AlignRuScore is a project focused on adapting the AlignScore metric for evaluating factual consistency to the Russian language. This work provides a unified evaluation framework covering natural language inference, fact verification, paraphrase detection, semantic textual similarity, question answering, and information retrieval for Russian.
Ensuring factual consistency in generated text is crucial for reliable natural language processing applications. We introduce AlignRuScore, a comprehensive adaptation of the AlignScore metric [1] for Russian. This unified evaluation covers a wide array of NLP tasks. We compiled and translated over 118,000 examples — combining major English benchmarks with Russian-native datasets (RuFacts [2], RuSTS Benchmark) — and fine-tuned a RuBERT-based [3] alignment model with task-specific classification and regression heads. AlignRuScore demonstrates strong performance on various tasks, laying the groundwork for robust multilingual factual consistency evaluation. We release our translated corpora, model checkpoints, and code to support further research.
AlignScore is a metric for evaluating the factual consistency of generated text by assessing the alignment of information between a claim and its context. It uses a unified text-to-text information alignment function, trained on a diverse set of data sources from various NLP tasks, to estimate an alignment score.
AlignScore handles long texts by splitting the context into coarse-grained chunks (approx. 350 tokens) and the claim into fine-grained sentences. It then aggregates the alignment scores between context-chunks and claim-sentences to produce a final factual consistency score.
Our methodology adapts the original AlignScore framework to the Russian language.
We constructed a diverse Russian training corpus by:
- Translating subsets (up to 10,000 examples each where applicable) of the English datasets used in the original AlignScore paper (covering NLI, Fact Verification, Paraphrase, QA, STS).
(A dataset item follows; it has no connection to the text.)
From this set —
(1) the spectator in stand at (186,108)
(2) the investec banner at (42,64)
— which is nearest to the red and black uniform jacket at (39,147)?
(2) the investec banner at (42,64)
Machine translation was primarily performed using Yandex Translate.
- Supplementing with Russian-native datasets:
- RuFacts: For paraphrase/fact verification.
- RuSTS Benchmark: For semantic textual similarity. The final unified corpus comprises over 118,900 training examples.
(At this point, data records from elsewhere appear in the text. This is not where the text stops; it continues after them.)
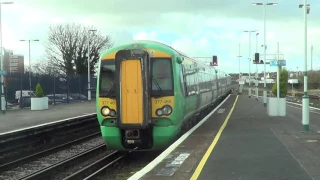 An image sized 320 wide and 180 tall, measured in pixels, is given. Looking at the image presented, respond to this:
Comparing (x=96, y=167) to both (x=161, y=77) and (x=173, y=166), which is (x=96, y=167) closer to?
(x=161, y=77)

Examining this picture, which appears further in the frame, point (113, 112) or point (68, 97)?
point (68, 97)

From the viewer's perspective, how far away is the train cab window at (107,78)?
11961 mm

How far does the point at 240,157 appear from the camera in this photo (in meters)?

- Base Model: RuBERT-base (180M parameters).
- Training Approach: Unified multi-task learning with task-specific heads for:
- 3-way classification (ALIGNED, CONTRADICT, NEUTRAL)
- Binary classification (ALIGNED or NOT-ALIGNED)
- Regression (similarity score between 0 and 1)
A small feed-forward network is trained for each task type simultaneously, allowing the embedding space and heads to handle alignment for all NLP alignment tasks.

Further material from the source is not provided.